**EXERCISE:** The response has to reproduce all entries exactly while excluding their pictures.
>>
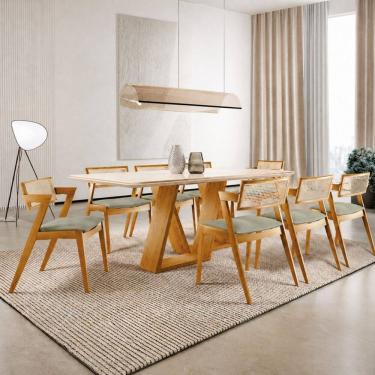 Imagem de Sala de Jantar maciça 8 cadeiras 2,20m  linho-Oslo -Imperial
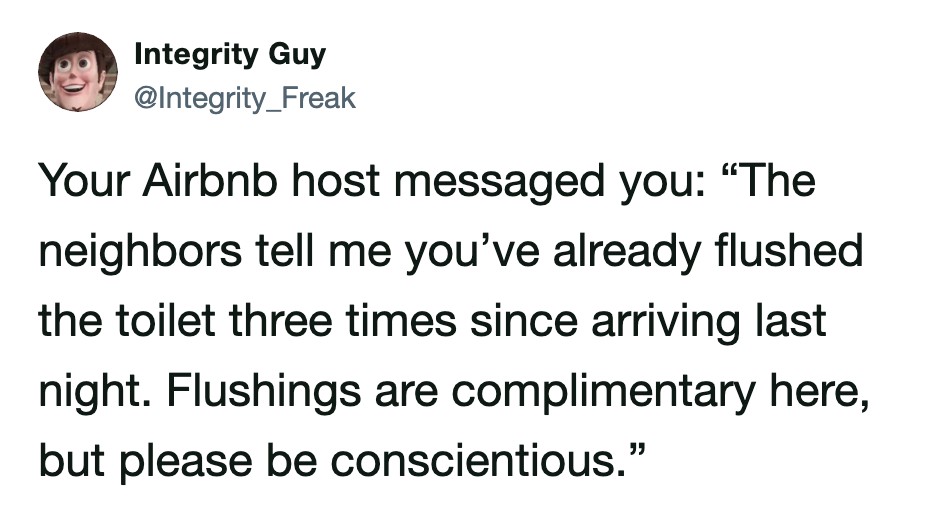 Your Airbnb host messaged you: “The neighbors tell me you’ve already flushed the toilet three times….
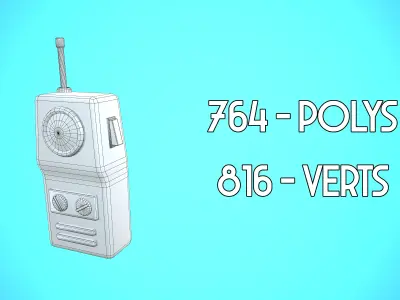 RETRO WALKIE CARTOON STYLIZED Low-poly 3D model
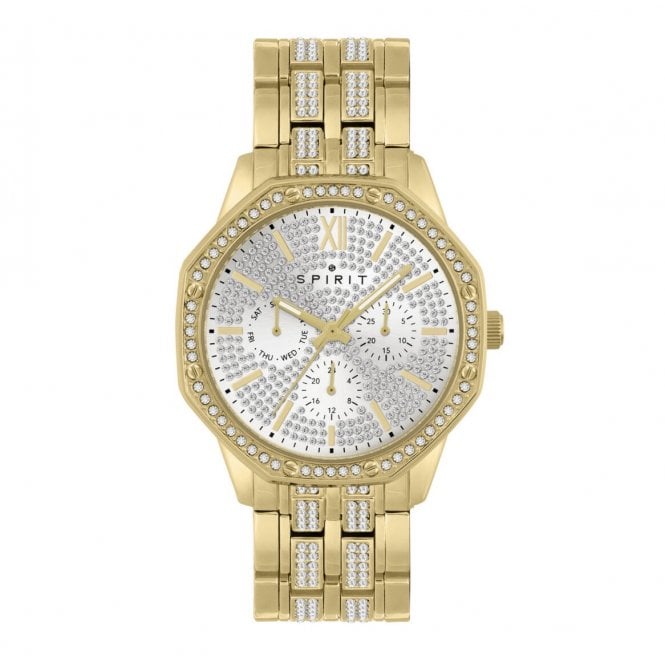 SPIRIT Gold Plated Stone Set Bracelet Watch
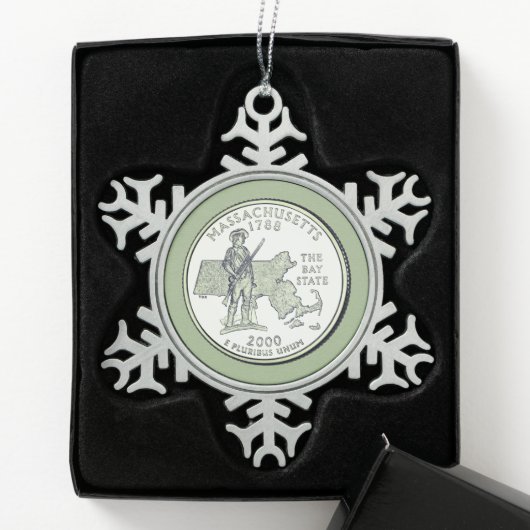 Tinted Massachusetts State Quarter Tin Sneeuwvlok Ornament (Kistje)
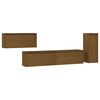 vidaXL Meubles TV 4 pcs Marron miel Bois massif de pin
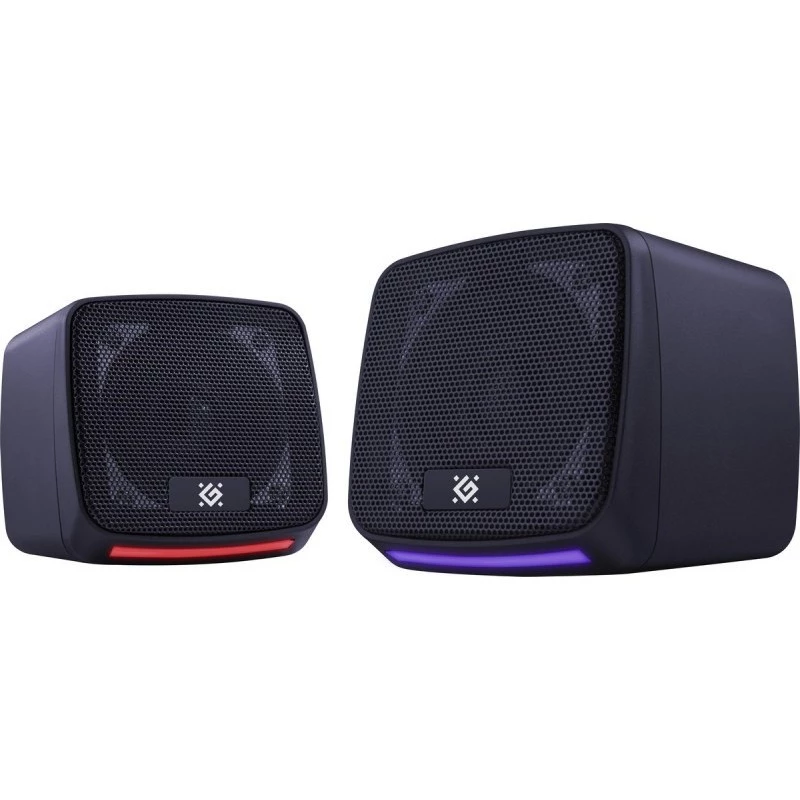 Kompiuteriniai garsiakalbiai DEFENDER J3 2.0 6W LED USB, 2×3W RMS, 90–20000 Hz, 3,5 mm, juodi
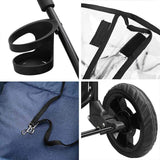 Folding Pet Stroller Adjustable Blue 78 x 54 x 101 cm Polyester 42012439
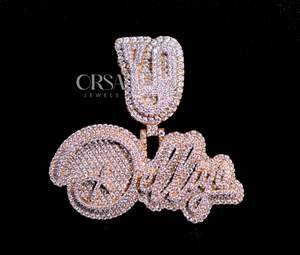 Qualité supérieure personnalisé Hip Hop nom pendentif Moissanite diamant glacé pendentif pour hommes femmes 925 argent bijoux personnalisés - Product Image 1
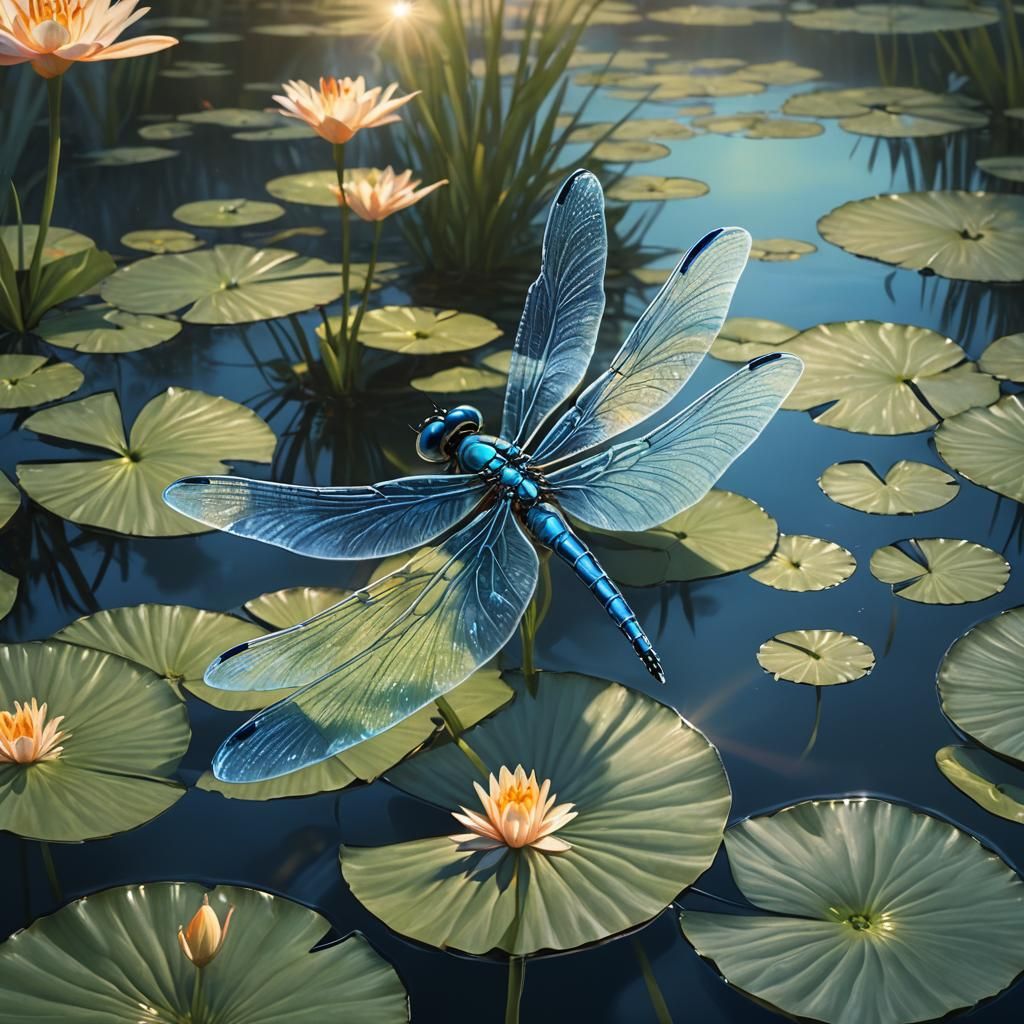 Glowing Blue Dragonfly Fantasy Art
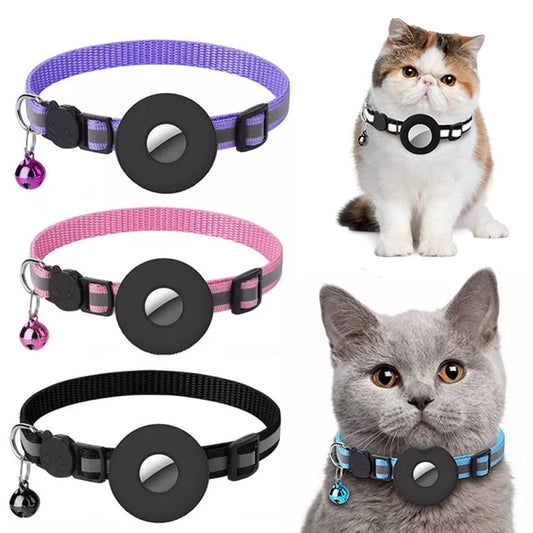 Airtag Cat Collar, Breakaway Cat Airtag Collar with Luminous & Reflective Pattern Strap, Lightweight Kitten Collar for Apple Air tag, Cats, Kittens (9-13")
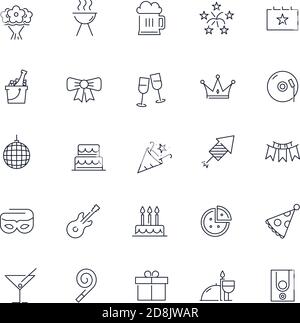 Line icons set. Party pack. Vector illustration Stock Vector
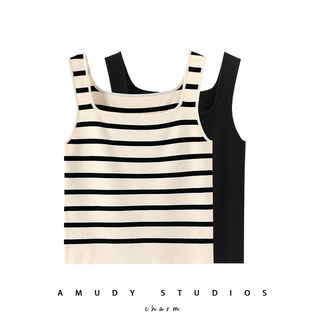 Amudy2025 Summer New Style Comfortable and Breathable 14S Striped Square Neck Sleeveless Knitted Camisole Women's Base Layer Inner Vest
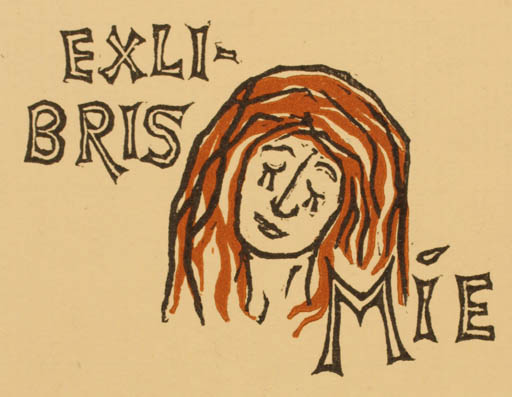 Exlibris by Chr. W. Bauditz from Denmark for ? Mie - Portrait 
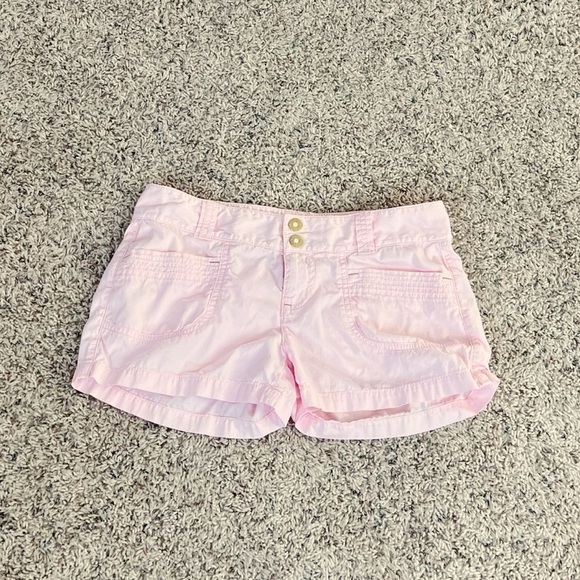 Express Vintage Low Rise Light Pink Cotton Chino Shorts Pockets Size 2 Women’s - Picture 3 of 8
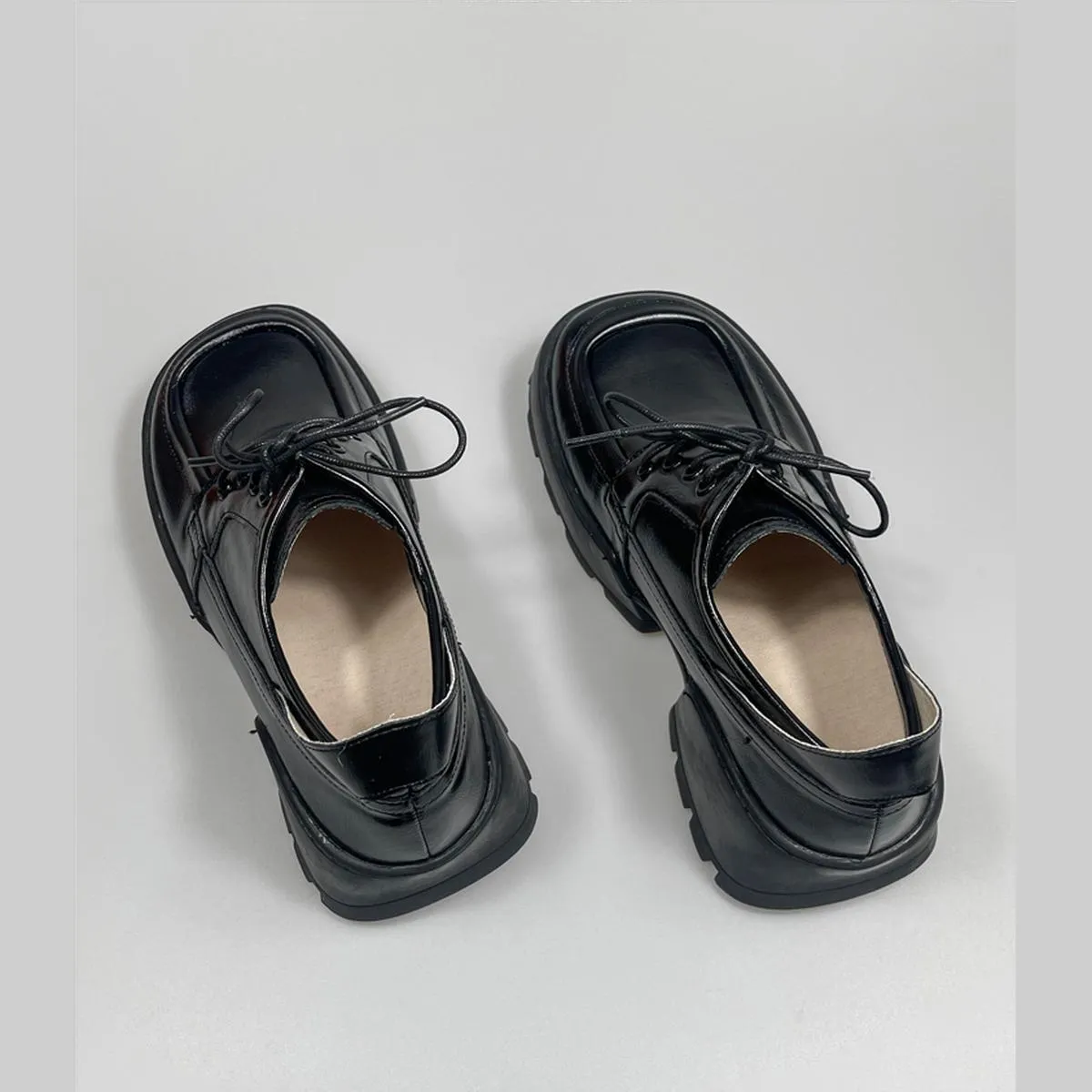 Black Glossy Chunky Heel Derby Shoes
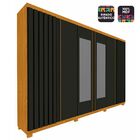 Guarda Roupa Com Espelho 6 Portas Absolut Naturale Grafite Ri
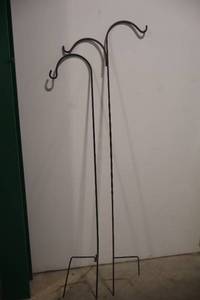 lot 58 image: Pair of Metal Shepherds Hook Garden Stakes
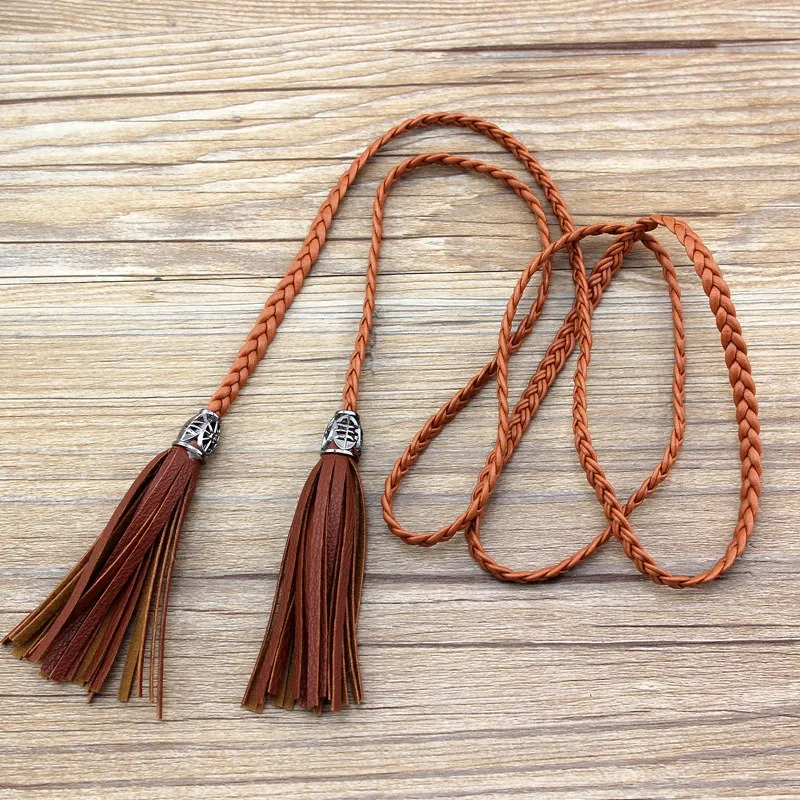 

Women Versatile Waist Belt Chinese Style Braided Tassel Belts Knot Decorated Waist Chain Rope Female Fashion Casual Waistbands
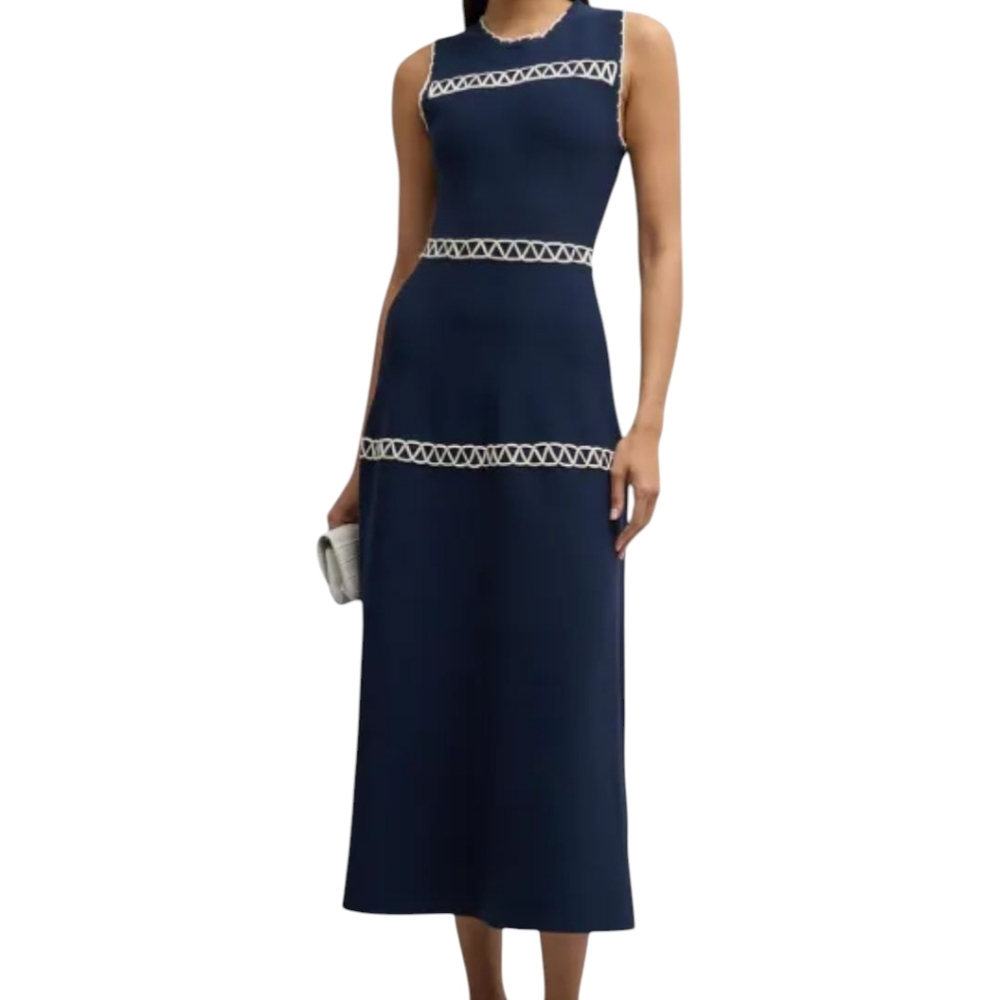 Lela Rose Blanket Stitch Sleeveless Midi Dress.. Size Medium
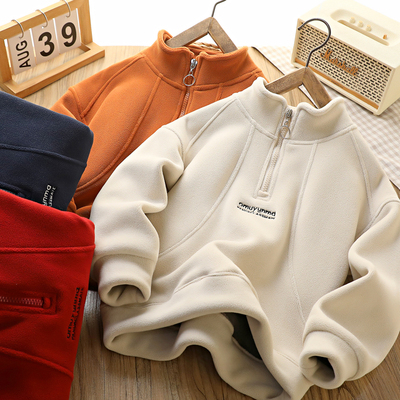 男童冬季加厚加绒立领卫衣2025秋冬季中大童半拉链双面绒保暖上衣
<<
**SOLUTION:**
 Imagem de Sala de Jantar maciça 8 cadeiras 2,20m  linho-Oslo -Imperial
 Your Airbnb host messaged you: “The neighbors tell me you’ve already flushed the toilet three times….
 RETRO WALKIE CARTOON STYLIZED Low-poly 3D model
 SPIRIT Gold Plated Stone Set Bracelet Watch
 Tinted Massachusetts State Quarter Tin Sneeuwvlok Ornament (Kistje)
 vidaXL Meubles TV 4 pcs Marron miel Bois massif de pin
 Kompiuteriniai garsiakalbiai DEFENDER J3 2.0 6W LED USB, 2×3W RMS, 90–20000 Hz, 3,5 mm, juodi
 Folding Pet Stroller Adjustable Blue 78 x 54 x 101 cm Polyester 42012439
 Qualité supérieure personnalisé Hip Hop nom pendentif Moissanite diamant glacé pendentif pour hommes femmes 925 argent bijoux personnalisés - Product Image 1
 Glowing Blue Dragonfly Fantasy Art
 Airtag Cat Collar, Breakaway Cat Airtag Collar with Luminous & Reflective Pattern Strap, Lightweight Kitten Collar for Apple Air tag, Cats, Kittens (9-13")
 Line icons set. Party pack. Vector illustration Stock Vector
 Amudy2025 Summer New Style Comfortable and Breathable 14S Striped Square Neck Sleeveless Knitted Camisole Women's Base Layer Inner Vest
 Exlibris by Chr. W. Bauditz from Denmark for ? Mie - Portrait 
 Express Vintage Low Rise Light Pink Cotton Chino Shorts Pockets Size 2 Women’s - Picture 3 of 8
 Black Glossy Chunky Heel Derby Shoes
 Guarda Roupa Com Espelho 6 Portas Absolut Naturale Grafite Ri
 lot 58 image: Pair of Metal Shepherds Hook Garden Stakes

Women Versatile Waist Belt Chinese Style Braided Tassel Belts Knot Decorated Waist Chain Rope Female Fashion Casual Waistbands
 Lela Rose Blanket Stitch Sleeveless Midi Dress.. Size Medium
 男童冬季加厚加绒立领卫衣2025秋冬季中大童半拉链双面绒保暖上衣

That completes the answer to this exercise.